Because it could not participate directly in politics, the group initially turned its energies elsewhere—to newspapers and informal associations. Al-Ahali quickly grew to be one of the most respected papers in Iraq. despite its ostensible goal of educating Iraqis and home-growing a civil society, the Ahali group was hindered by its intellectualist bent focus more on Western than indigenous culture. Its first paper detailed the history of Western political thought from the Greeks to Russian revolution. Members enjoyed equally astounding success organizationally. In September 1933 they formed the Association for Combatting Illiteracy and thereby converted individuals not only in Baghdad to their cause, but members from Basra, Nasiriyya, Kufa, Ba'qubah, and Hillah—that is, more "provincial" locales that were notoriously hard to access. This, they accomplished with the aid and aegis of Ja'far Abu al-Timman's assistance and blessing.

==Political Turn==
When Ahali's Baghdad Club was disbanded by the authorities, members became increasingly convicted that they could not continue as vulnerably as before.

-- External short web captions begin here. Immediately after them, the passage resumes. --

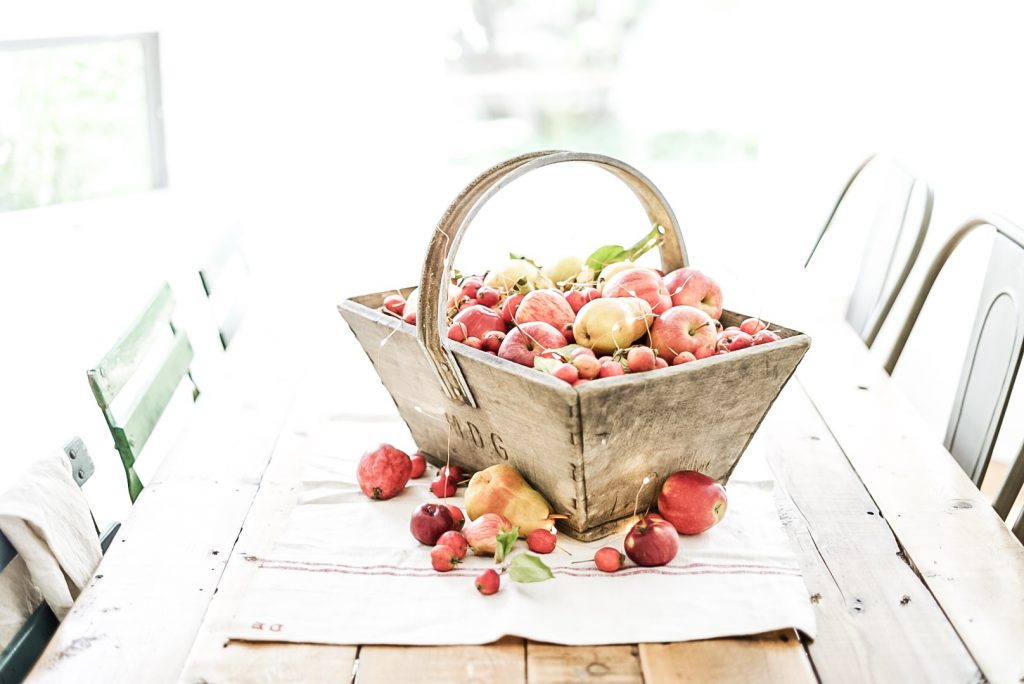 apples in a basket on a farmhouse table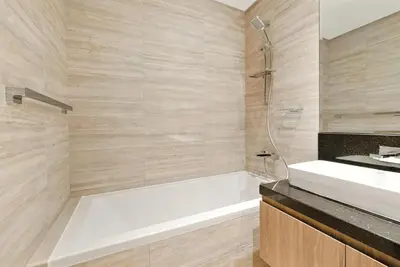 a bathroom with a white bath tub and a sink at BLVD - Stylish Missoni Stay - Canal View in Dubai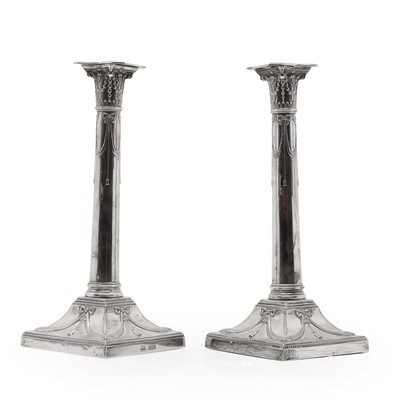 Lot 4 - A pair of silver candlesticks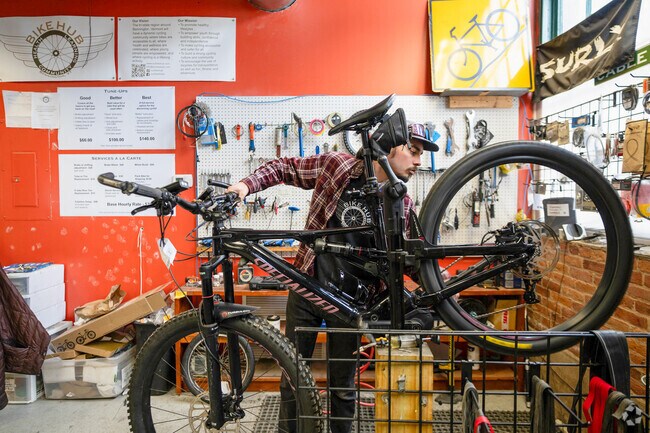 A worker at Bike Hub in Bennington repairs a mountain bike.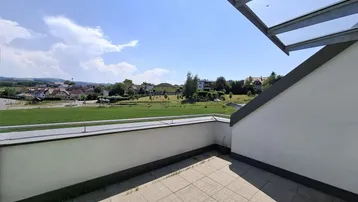 Geräumige Terrasse mit Fliesenboden, Glasüberdachung und weitem Blick über grüne Landschaft.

By dropping the term "Sha'biya" they were able to draw in politicians such as Kamil al-Chadirji whom had departed the Party of National Brotherhood either because they were too progressive, or because of disputes with the Yasin-Rashid regime, such as Hikmat Sulayman's. Given Ja'far Abu al-Timman's leadership it also signified something of a successor to his dissolved Watani Party. These senior politicians formed an executive committee in March 1935, but elected to keep contacts with nonpolitical societies such as the Society to Combat Illiteracy, older politicians, and army officials through secret meetings rather than to form a political party. Inevitably, this broadening of Ahali's horizons entailed moderation of its ideology, which became, rather hazily, "reform" broadly construed. However, Communist and Sha'biya advocates remained active in the group.

==Opposition to the Yasin-Rashid administration==
The group grew yet more entangled in politics with the ascent of the Party of National Brotherhood and the Yasin-Rashid administration. Yasin al-Hashimi and Ali al-Rashid had established the harshest restrictions on freedom of the press and political activity of any prior cabinet under the monarchy, and Hashimi had intimated that he sought to stay in power beyond his tenure (albeit not explicitly). In April 1936 the Ahali group published one issue of a paper titled al-Bayan accusing the administration of neglecting promises for reform, and instead selling control of the Iraqi economy to the British with a railway agreement. The paper was suppressed after the first issue. The Ahali group thus issued subsequent petitions to King Ghazi through the Syrian paper al-Qabas and the Lebanese paper al-Masa. It was this that caused the group to join with the Bakr Sidqi coup and provide him much needed legitimacy through their popular appeal. This was not a premeditated move. Rather, Hikmat Sulayman had developed a close relationship with Sidqi owing to their mutual admiration of Mustafa Kemal's reforms in Turkey, and foisted the connection upon the rest of the al-Ahali group. He acted as the sole liaison to Sidqi and the officers. The rest of the group hardly knew the general's face.

As such, though the Ahali group obtained half the portfolios in government and were able to form the Association of People's Reform in 1936, they never had any power under the subsequent government. The group left government in June 1937. Shortly thereafter Bakr Sidqi suppressed their paper and the Association of People's Reform. The group's leaders and followers were scattered.

==Post-coup==
After the Rashid Ali coup, the reigning Cabinet recognized that it needed to give the opposition constitutional channels to operate in order to foster stability. The Ahali group's members thus re-constituted themselves in the form of al-Chaderchi's democratic socialists (the National Democratic Party) and the socialists led by 'Abd al-Fattah Ibrahim in the National Union Party.